The aim by 2021, when the next set of rights tenders come to market, is to have a “product that is much more internationally appetizing,” according to Campoccia. A league-specific channel is already under discussion (Juventus, this summer, launched its own worldwide streaming service).
Featuring Ronaldo goes a long way to fulfilling that ambition, of course, but the rest of the league has a role to play, too. “We expect a rise in the technical level, as clubs commit greater investments than those of other leagues,” Campoccia said. This summer has been encouraging in that sense: A.C. Milan now boasts Gonzalo Higuaín, the Argentina striker made available by Juventus in a bid to reduce its salary bill, as a direct consequence of Ronaldo’s arrival; Inter had hoped to tempt Luka Modric, another of Real’s crown jewels, to Italy in an attempt to keep pace.
“That market activity helps raise the level not just in Serie A, but improve our performances in Europe,” Winterling said. “That helps with future television deals, but the other major advantage is that Italy is open to international investors: better performances increases the league’s attractiveness.”

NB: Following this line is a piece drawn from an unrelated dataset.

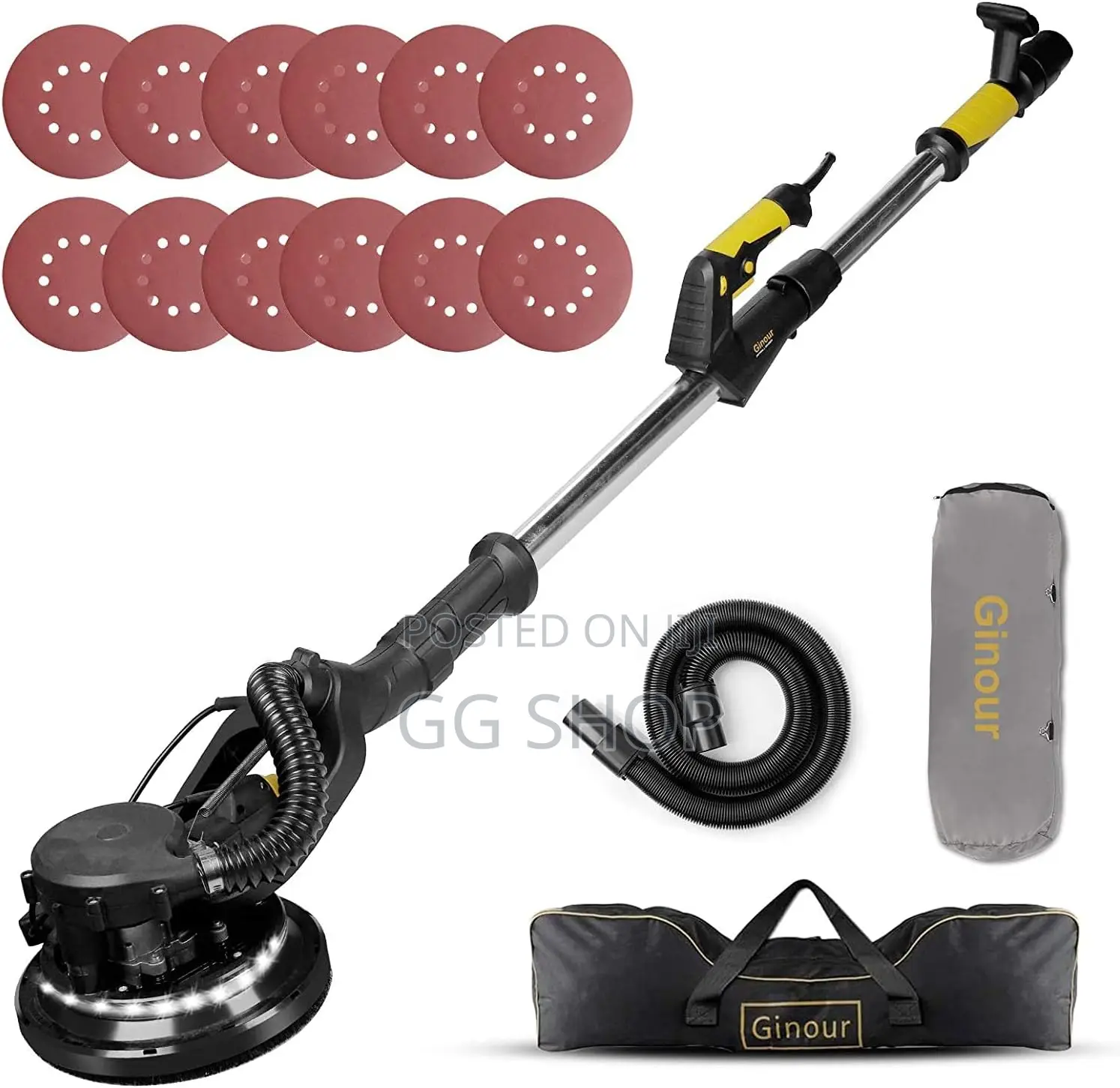 Especo Wall Sender እስፔኮ ሳንደር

There are several already — Bologna, like Roma and Milan, is in American hands; Inter and Parma are backed by Chinese owners — but Winterling believes more will come, a modernizing force for a league mired for too long in stasis. “International investors would bring a different mentality, more professionalism,” he said.
Nobody is under any illusion that Ronaldo is a panacea for all of Italian soccer’s ills. Winterling highlights the “lack of infrastructure,” and the absence of a professional management structure overseeing Serie A. Campoccia, too, suggested that “there must be efficient renovation of our stadiums in the next three years, to make the league attractive audio-visually.”
What Ronaldo may be is a spur to kick-start — at last — all those changes that have been so necessary for so long. Fresh investment, and fresh ideas, may follow in his wake, helping to close the gap with England’s Premier League, to recapture a little of Serie A’s golden age. Even Ronaldo cannot restore an entire league’s prestige all by himself. He could, though, be the start of something, the man to make Serie A feel as if it has a worldwide significance once again.